Alec Ryrie is Gresham Professor of Divinity. He is also Professor of the History of Christianity at Durham University, President-elect of the Ecclesiastical History Society for 2019-20 and Co-Editor of the Journal of Ecclesiastical History. From 2015-17 he was Visiting Professor in the History of Religion at Gresham College and gave two series of lectures on the history of Protestant Christianity.

He studied History as an undergraduate, at Trinity Hall, Cambridge, before completing a Master’s in Reformation Studies at St. Andrews and a D.Phil. in Theology at St. Cross College, Oxford. From 1999-2006 he taught at the University of Birmingham, moving to Durham in 2007. Having been Head of the Department of Theology and Religion from 2012-15, he is currently completing a three-year Leverhulme Major Research Fellowship (2015-18). He is on the editorial boards of St Andrews Studies in Reformation History (Ashgate) and the Royal Historical Society’s Studies in History and New Historical Perspectives.

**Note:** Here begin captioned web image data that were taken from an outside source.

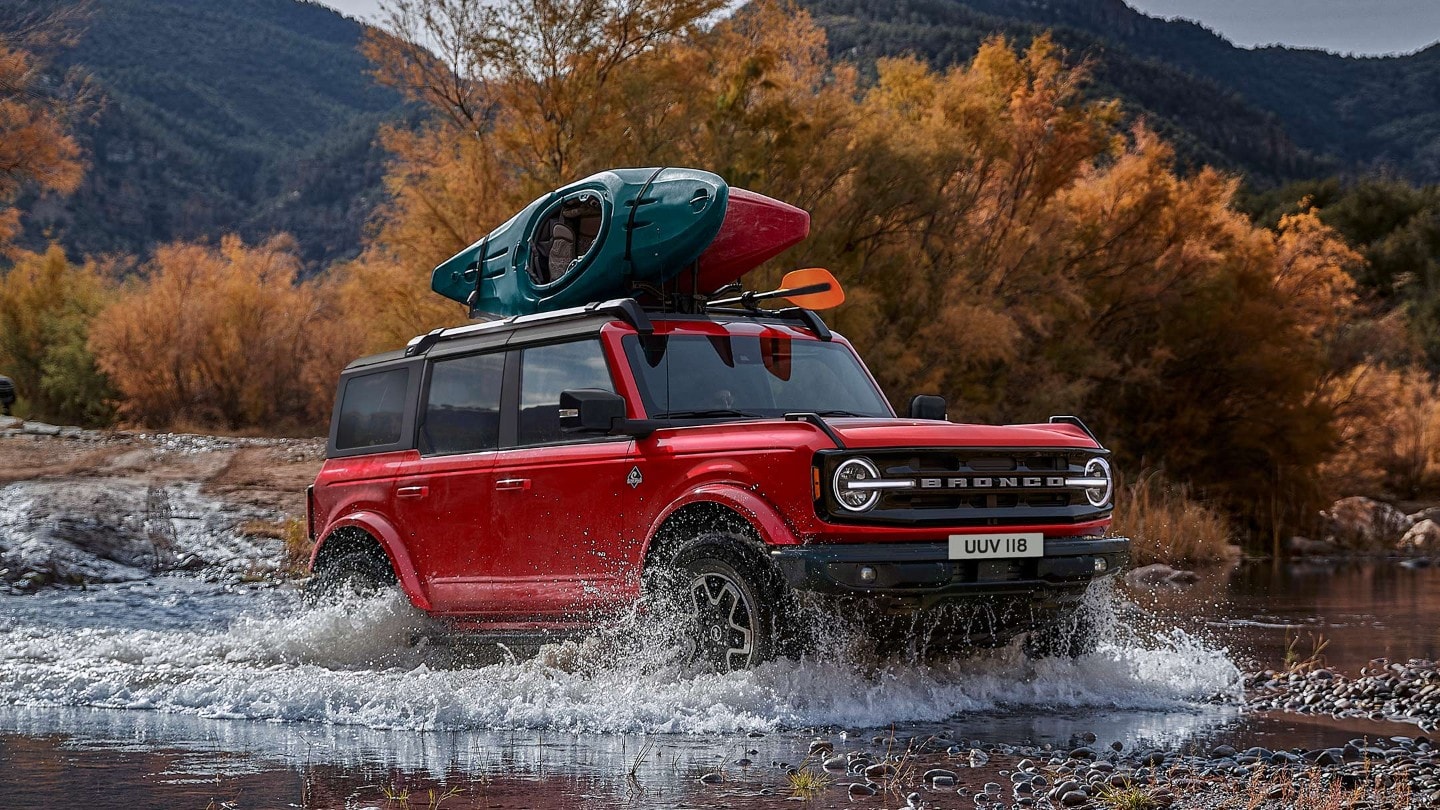 Ford Bronco in Rot. Dreiviertelansicht, fahrend in felsiger Landschaft durch einen Wasserlauf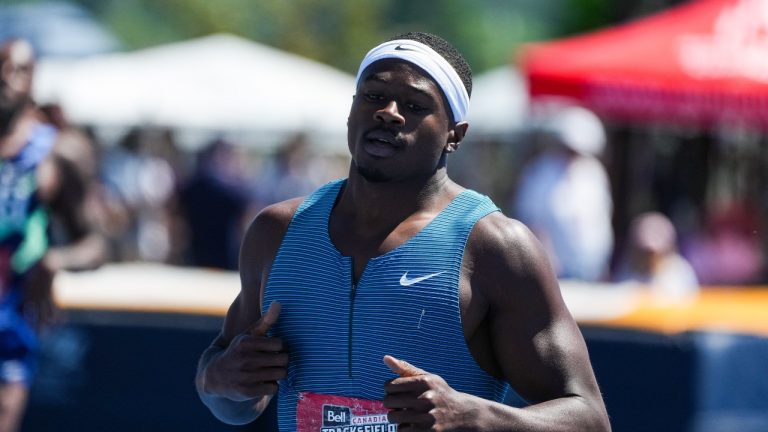 Aaron Brown, of Toronto, races to a first place finish in the men's 200 metre final at the Canadian Track and Field Championships in Langley, B.C., on Sunday, June 26, 2022. (Darryl Dyck/THE CANADIAN PRESS)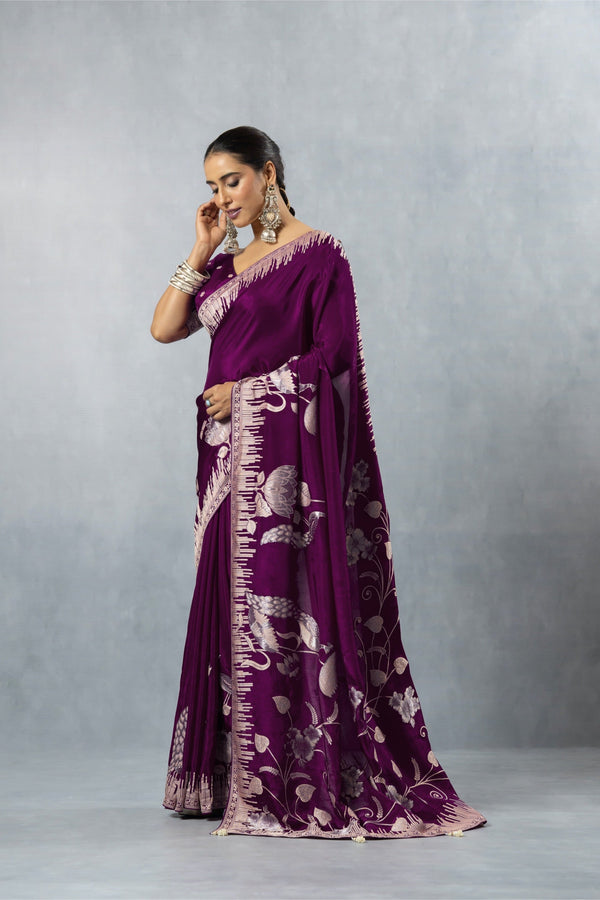 Side profile of a model showcasing the full drape and fluid fall of the Vanya plum purple satin silk saree with its elaborate silver woven border.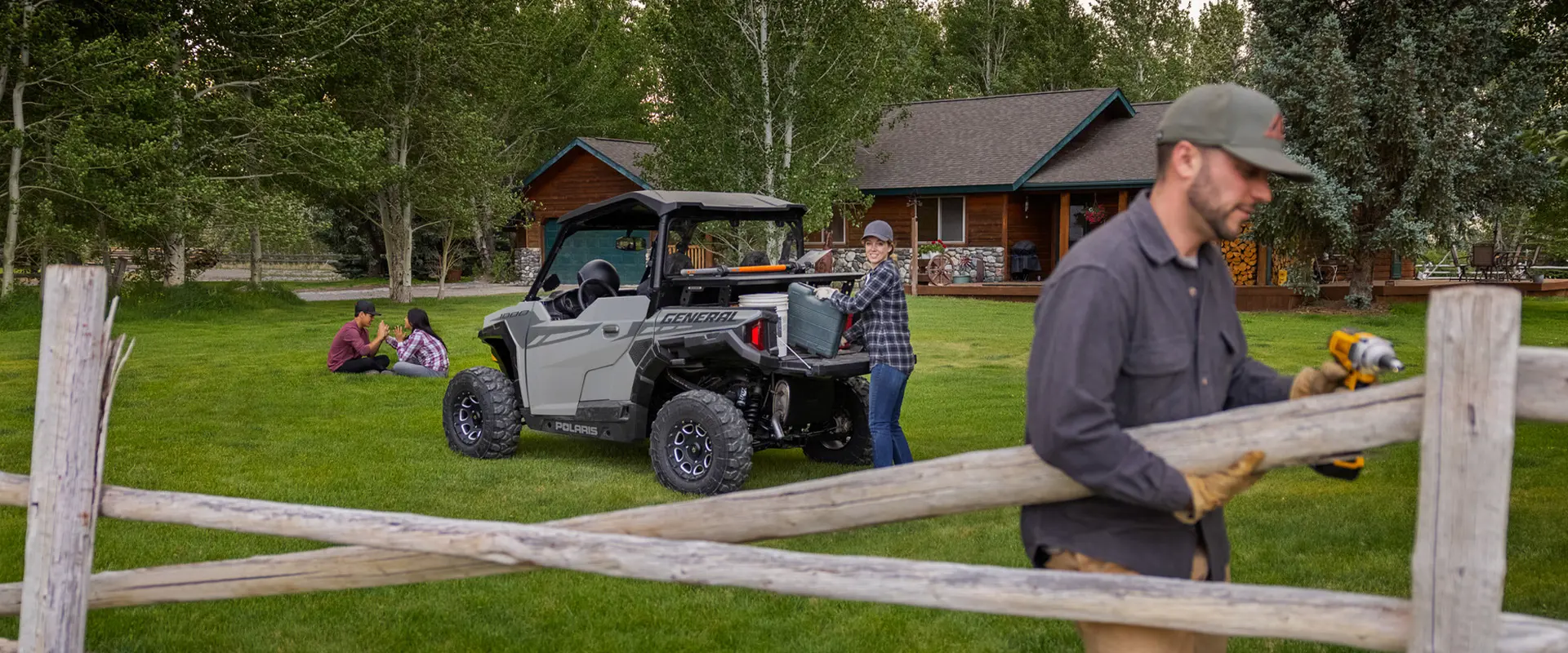 A couple using the cargo box on a 2026 Polaris GENERAL crossover side-by-side to help them install fence.
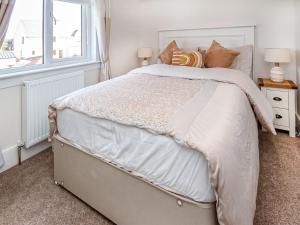 a bedroom with a large white bed with a window at Bishopfield House in Dornoch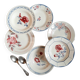 Mismatched old soup plates accompanied by a soup tureen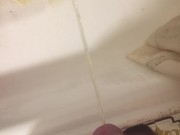 Russian guy pissing in the bath closeup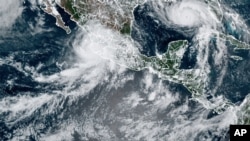 This image provided by the National Oceanic and Atmospheric Administration (NOAA) shows severe weather systems, Hurricane Nora, upper left, and Hurricane Ida, upper right, over the North American continent on Aug. 28, 2021.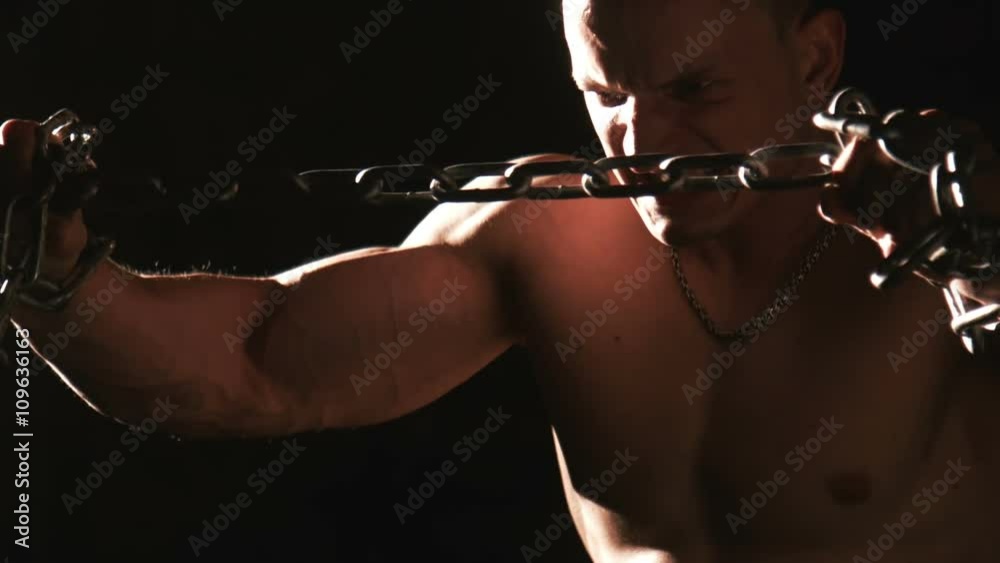 Topless muscular man trying to thorn iron chain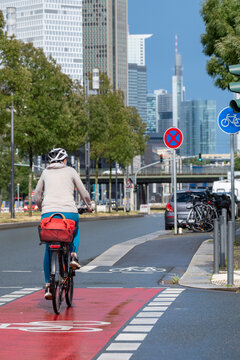 Downtown approach in Frankfurt Germany shows bicycle commute transport on urban city street where cycleway infrastructure mobility reflects sustainable metropolitan commuting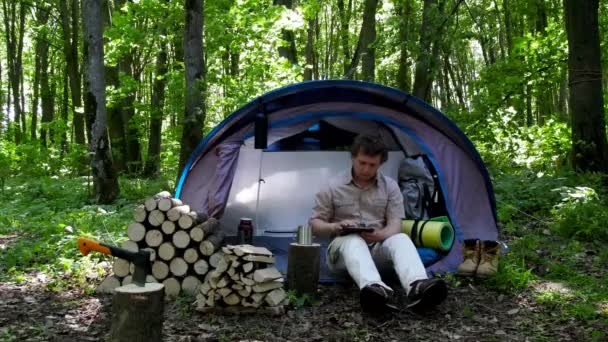 Backpacker Uses Tablet Outdoors Spring Green Forest — Stock Video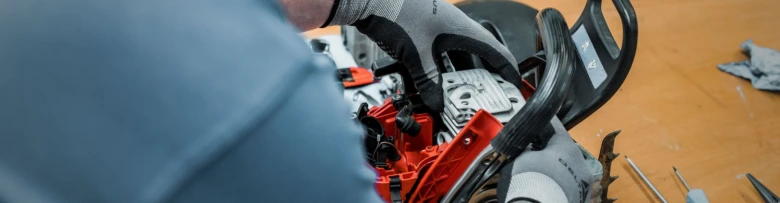Ruční demontáž motorové pily s nářadím na pracovním stole.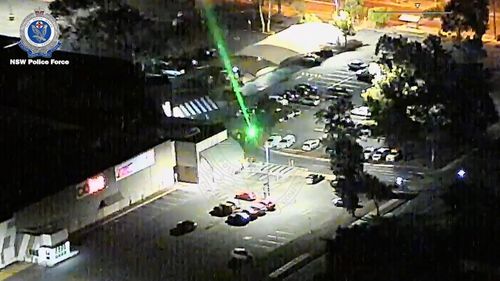 A man with a laser beam shines the powerful light towards a NSW Police chopper.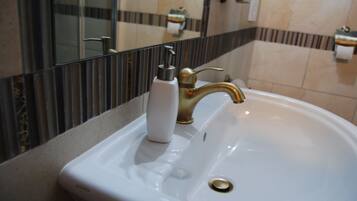 A white bathroom sink with a gold faucet and a soap dispenser.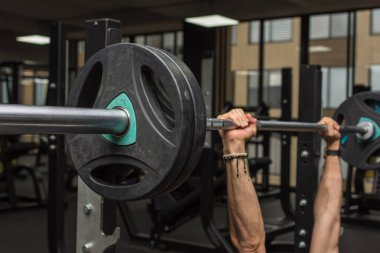 Ağırlık diski olan halter ve spor salonunun içinde tutan kaslı eller. Seçici odak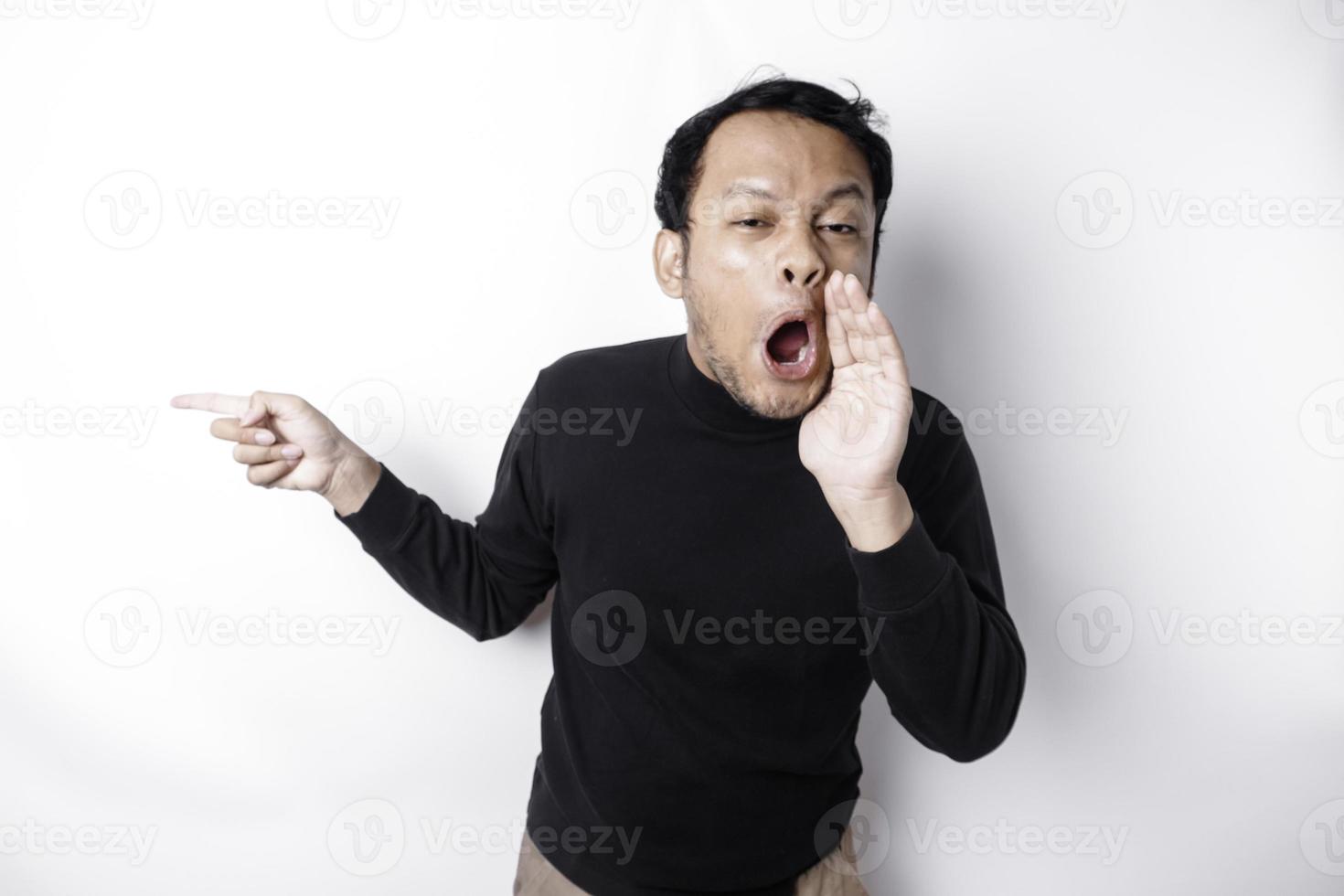 Shocked Asian man wearing black shirt pointing at the copy space beside him, isolated by white background photo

Since 1997 he has been a Reader in the Church of England, and he is licenced to the parish of Shotley St. John (diocese of Newcastle).

Professor Ryrie is a historian of the Reformation era and of Protestantism more widely, with a particular focus on England and Scotland in the sixteenth and seventeenth centuries. He is an expert on the emergence and development of Protestant and radical beliefs, identities and spiritualities, and on the history of Protestant missions and missionaries. He has written several prize-winning books and his 2017 book Protestants: The Radicals Who Made the Modern World gives an overview of the history of Protestantism from Luther to the present. Much of the book was prefigured in his lectures at Gresham College in 2015-17. You can watch the lectures in full here.

His current research is on the early history of doubt, scepticism and ‘atheism’ before such things became intellectually respectable. His book on this subject, Unbelievers: The Religious Quest to Abolish God, will be published in 2019. Many of the book’s themes will be explored in his first series of lectures as Gresham Professor of Divinity on The Origins of Atheism.